** PROBLEM DESCRIPTION **
After finding the line containing "3, Castellina in Chianti - foto 52" below, please output that line and each following one through the line containing "Foto: (Laurence Griffiths/Getty", exactly as written.

[Short text fragments from websites]

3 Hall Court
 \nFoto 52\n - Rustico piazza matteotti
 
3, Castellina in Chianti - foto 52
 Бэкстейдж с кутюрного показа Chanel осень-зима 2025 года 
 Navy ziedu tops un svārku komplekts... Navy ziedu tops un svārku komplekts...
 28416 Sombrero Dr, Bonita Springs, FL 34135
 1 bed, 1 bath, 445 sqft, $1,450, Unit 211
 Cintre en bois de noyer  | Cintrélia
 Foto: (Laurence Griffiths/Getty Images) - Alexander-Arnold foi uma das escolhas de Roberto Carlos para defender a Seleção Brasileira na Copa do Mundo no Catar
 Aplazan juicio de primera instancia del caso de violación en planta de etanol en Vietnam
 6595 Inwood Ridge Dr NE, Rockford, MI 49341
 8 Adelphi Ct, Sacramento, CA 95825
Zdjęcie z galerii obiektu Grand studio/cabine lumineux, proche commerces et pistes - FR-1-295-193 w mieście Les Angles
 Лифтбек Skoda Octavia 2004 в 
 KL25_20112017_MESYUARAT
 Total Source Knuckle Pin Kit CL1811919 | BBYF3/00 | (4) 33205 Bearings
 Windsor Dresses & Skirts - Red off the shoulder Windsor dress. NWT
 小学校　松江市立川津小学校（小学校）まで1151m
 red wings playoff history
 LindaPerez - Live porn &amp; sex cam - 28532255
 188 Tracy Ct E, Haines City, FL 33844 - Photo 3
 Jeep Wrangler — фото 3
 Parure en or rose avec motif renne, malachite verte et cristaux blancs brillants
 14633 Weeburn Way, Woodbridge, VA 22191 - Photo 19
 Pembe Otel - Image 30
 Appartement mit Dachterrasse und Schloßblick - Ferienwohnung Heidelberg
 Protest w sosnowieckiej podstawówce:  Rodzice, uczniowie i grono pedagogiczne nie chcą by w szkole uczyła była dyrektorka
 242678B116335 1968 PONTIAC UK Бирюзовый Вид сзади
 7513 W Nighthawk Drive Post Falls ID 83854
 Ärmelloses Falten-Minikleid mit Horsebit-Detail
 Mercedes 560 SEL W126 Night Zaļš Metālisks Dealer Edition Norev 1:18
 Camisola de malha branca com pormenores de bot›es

** YOUR SOLUTION **
3, Castellina in Chianti - foto 52
 Бэкстейдж с кутюрного показа Chanel осень-зима 2025 года 
 Navy ziedu tops un svārku komplekts... Navy ziedu tops un svārku komplekts...
 28416 Sombrero Dr, Bonita Springs, FL 34135
 1 bed, 1 bath, 445 sqft, $1,450, Unit 211
 Cintre en bois de noyer  | Cintrélia
 Foto: (Laurence Griffiths/Getty Images) - Alexander-Arnold foi uma das escolhas de Roberto Carlos para defender a Seleção Brasileira na Copa do Mundo no Catar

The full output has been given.